= Speaking Circles =

Speaking Circles are small groups of 8-10 people who come together to feel at ease in public speaking. Originally developed in America as a way to combat stage fright, independent practitioners also report successful applications to treating stuttering and other social challenges.

==History==
Speaking Circles were developed in the late 1970s by former stand-up comedian Lee Glickstein, who codified the methods he found successful in addressing his own experience of stage fright. Subsequently, Glickstein registered the name Speaking Circles as a trademark and incorporated a business, Speaking Circles International, to deliver training using his methods through a network of licensed facilitators.

==Relational Presence==
The core of Glickstein's method is a state of mind he calls Relational Presence, something he describes as "a state of receptivity to another without agenda or effort."

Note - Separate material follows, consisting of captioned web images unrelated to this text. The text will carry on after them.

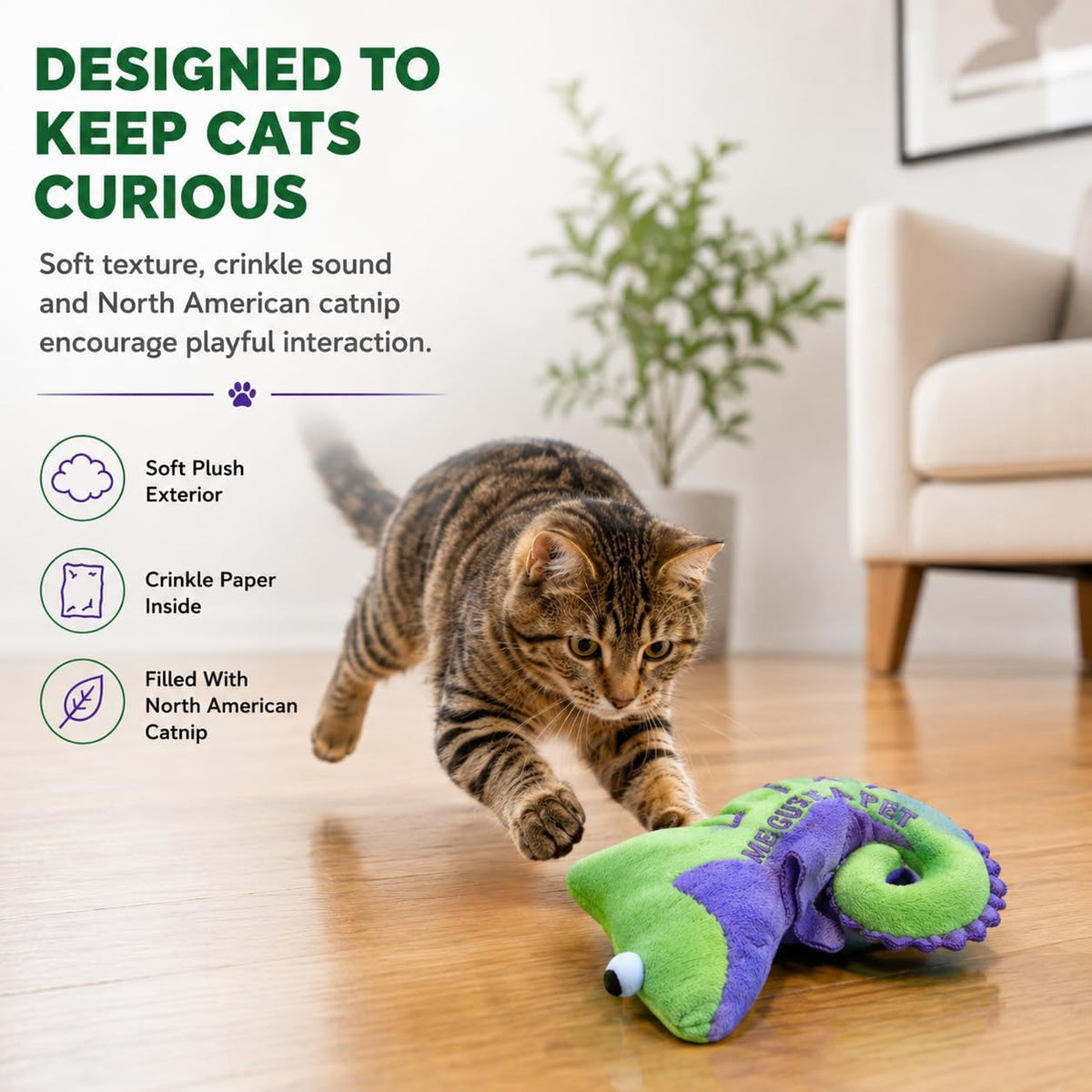 Cat Toys Catnip Crinkly Sound Toy with North American Catnip | Lizard Cat Toy Crinkle Paper Sound | Cat Kitten Toy Teething Chew | Cats Kicker Crinkle Paper | Chameleon Cat Toy 4.5-INCH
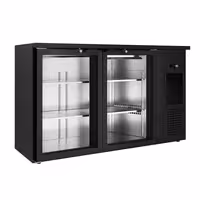 Rashladni pult za pića PREMIUM PLUS - 1435x512 mm - 264 l - 2 staklena vrata, LED osvjetljenje & samouzvarajuća vrata - crna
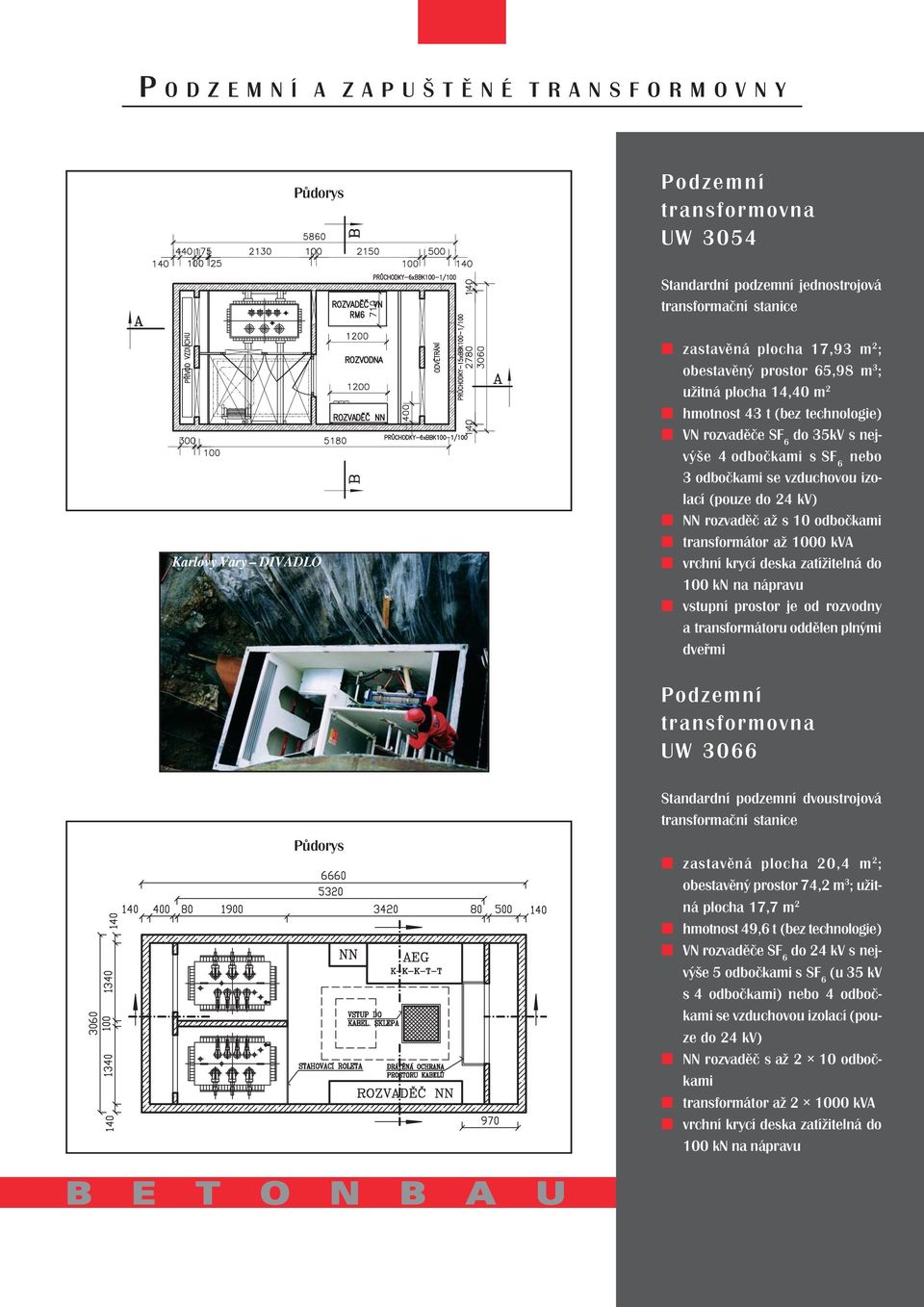 vrchní krycí deska zatížitelná do 100 kn na nápravu vstupní prostor je od rozvodny a transformátoru oddělen plnými dveřmi Podzemní transformovna UW 3066 Půdorys Standardní podzemní dvoustrojová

Traditional oratory and rhetorical approaches to public speaking highlight performance as a key to engaging and holding an audience. Metaphorically, speakers are seen as connecting with their audiences by 'reaching out' to them through compelling words, gestures and arguments.

In contrast, speakers applying Relational Presence techniques invite connection by establishing a sense of intimate safety. The speaker and each audience member understand that it's OK to simply be themselves and no performance is required.

The most usual method of a speaker establishing Relational Presence with an audience is through non-threatening eye contact made by the speaker with individual members of the audience, and held for longer than usual periods of time (usually a minimum of few seconds for each audience member engaged in this way).